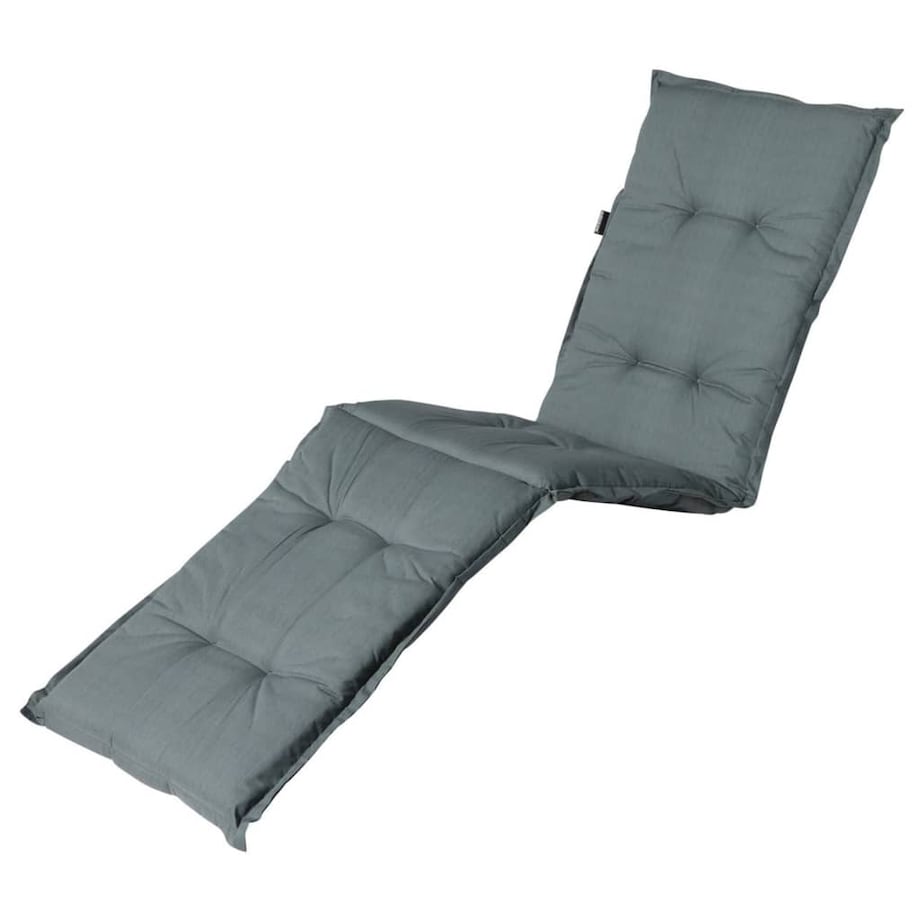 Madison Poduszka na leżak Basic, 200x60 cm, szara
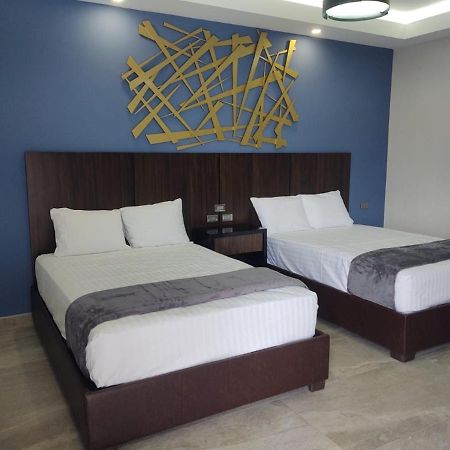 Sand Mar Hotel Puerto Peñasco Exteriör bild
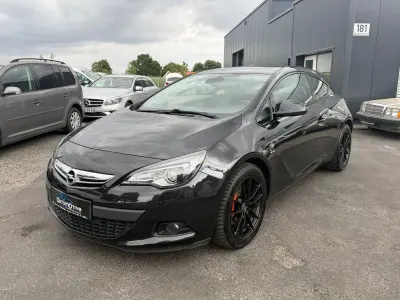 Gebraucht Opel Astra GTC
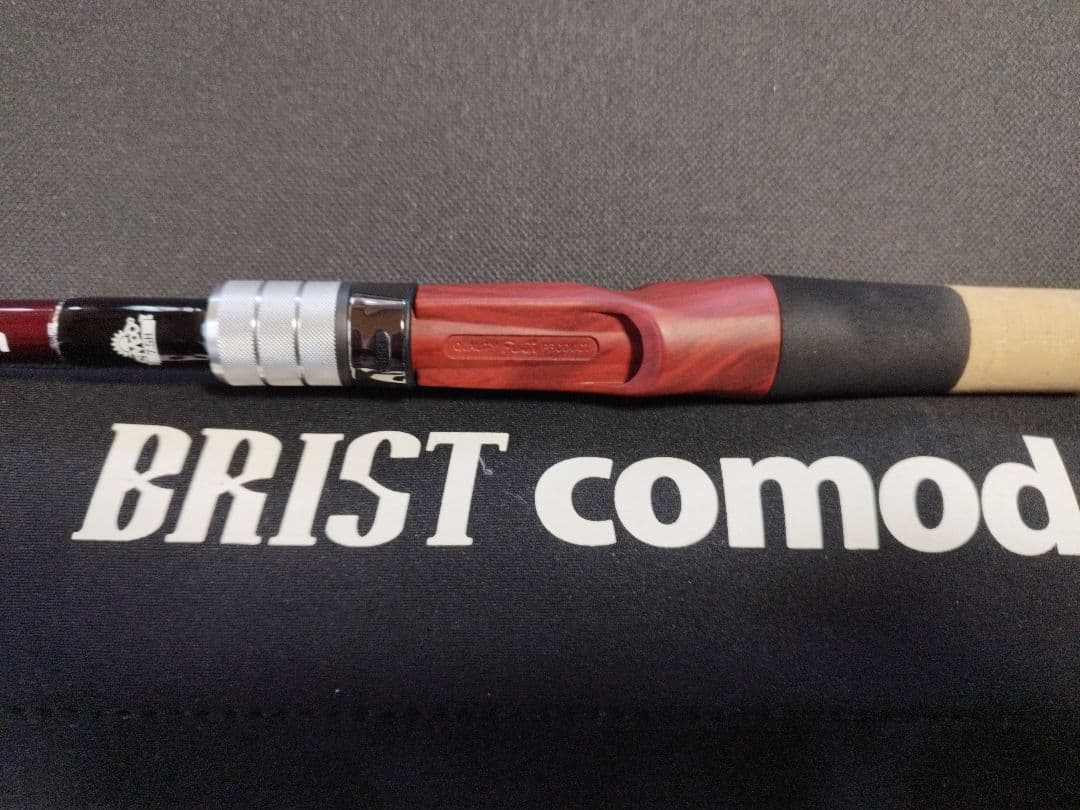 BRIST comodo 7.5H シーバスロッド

...

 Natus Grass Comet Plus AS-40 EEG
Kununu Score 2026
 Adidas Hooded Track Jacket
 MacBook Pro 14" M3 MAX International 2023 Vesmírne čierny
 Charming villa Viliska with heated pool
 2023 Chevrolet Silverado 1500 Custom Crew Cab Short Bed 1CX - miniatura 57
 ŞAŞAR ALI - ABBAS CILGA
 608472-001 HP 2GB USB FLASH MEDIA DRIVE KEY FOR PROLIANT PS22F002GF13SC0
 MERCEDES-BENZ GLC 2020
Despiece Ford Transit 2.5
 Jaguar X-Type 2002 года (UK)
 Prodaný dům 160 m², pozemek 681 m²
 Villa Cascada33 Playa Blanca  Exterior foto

* * *

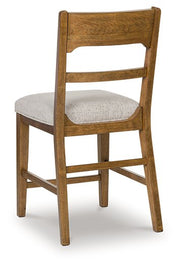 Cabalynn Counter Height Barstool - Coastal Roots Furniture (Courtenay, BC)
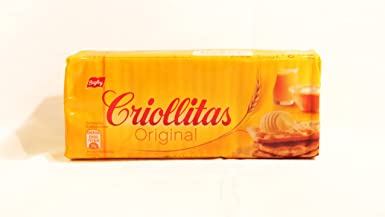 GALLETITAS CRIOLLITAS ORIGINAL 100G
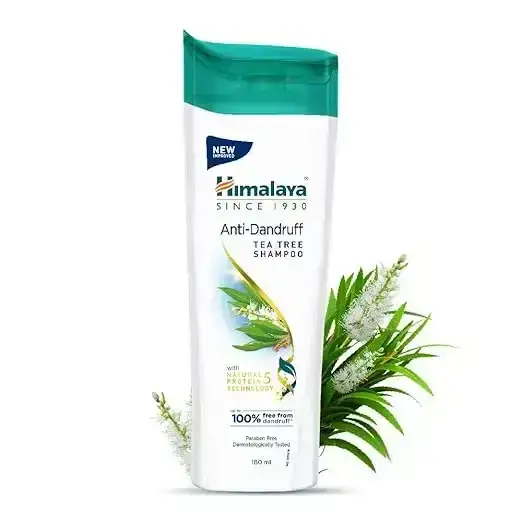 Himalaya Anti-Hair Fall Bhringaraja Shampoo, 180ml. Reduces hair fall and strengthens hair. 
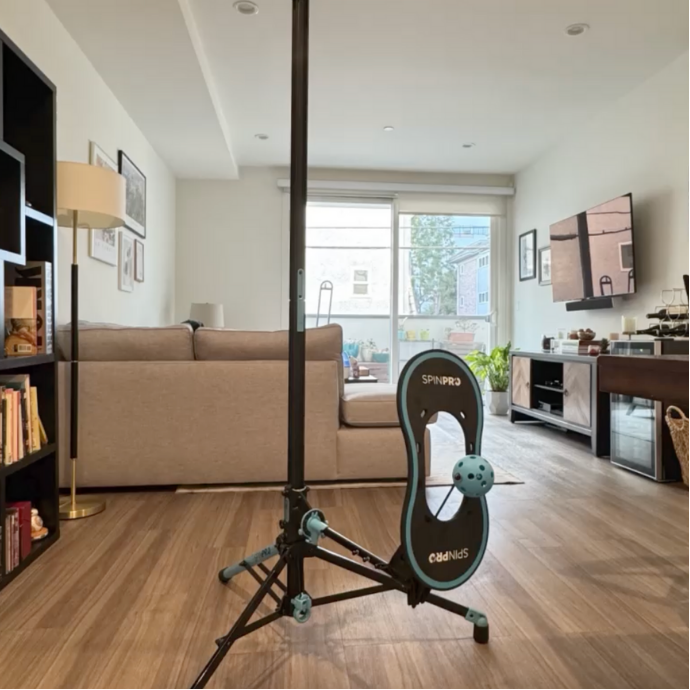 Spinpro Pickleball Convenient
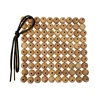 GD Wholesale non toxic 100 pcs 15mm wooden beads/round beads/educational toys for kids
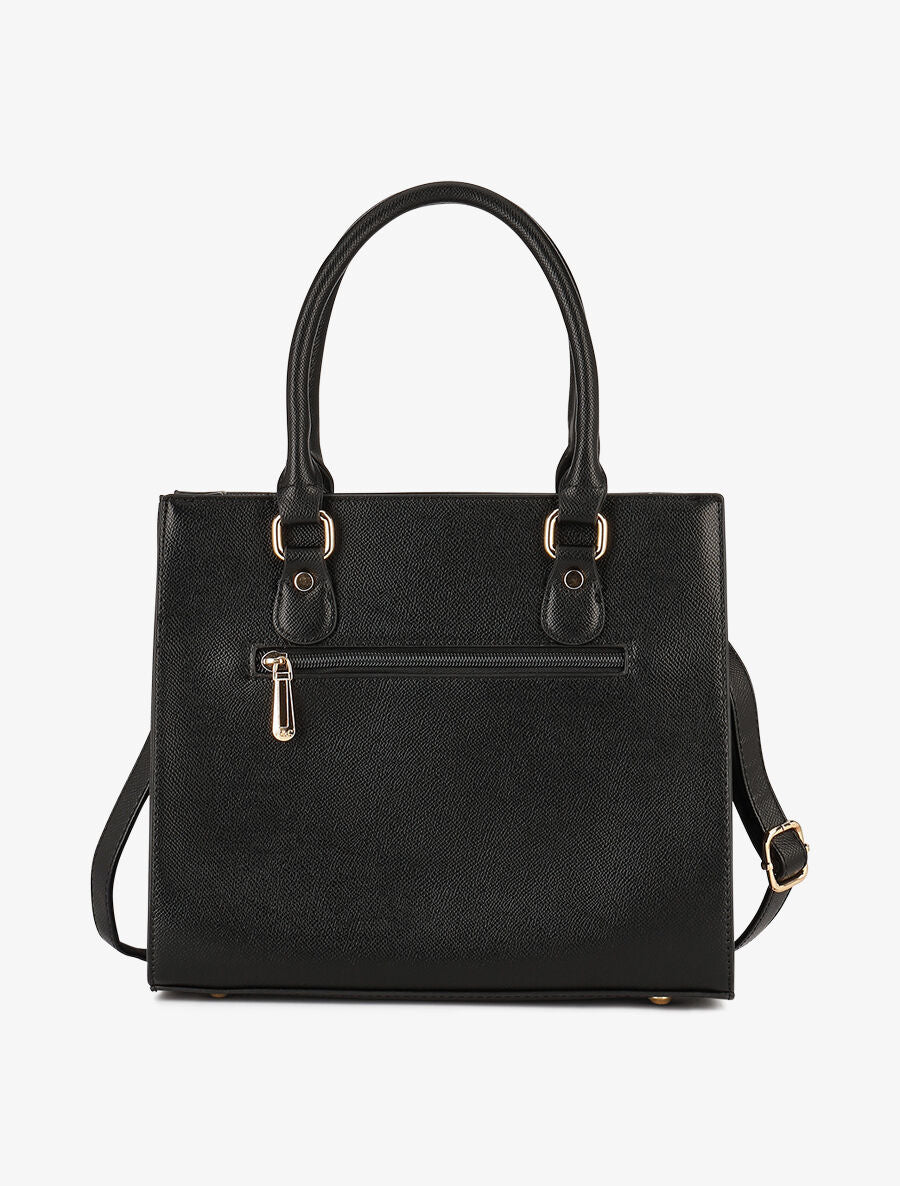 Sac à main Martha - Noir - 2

▶ **WORK TASK**
Go to the line in the material above that contains "Kununu Score 2026" and copy exactly from there through the line that contains "MERCEDES-BENZ GLC 2020", stopping after it.

▶ **SOLUTION FOR THIS EXERCISE**
Kununu Score 2026
 Adidas Hooded Track Jacket
 MacBook Pro 14" M3 MAX International 2023 Vesmírne čierny
 Charming villa Viliska with heated pool
 2023 Chevrolet Silverado 1500 Custom Crew Cab Short Bed 1CX - miniatura 57
 ŞAŞAR ALI - ABBAS CILGA
 608472-001 HP 2GB USB FLASH MEDIA DRIVE KEY FOR PROLIANT PS22F002GF13SC0
 MERCEDES-BENZ GLC 2020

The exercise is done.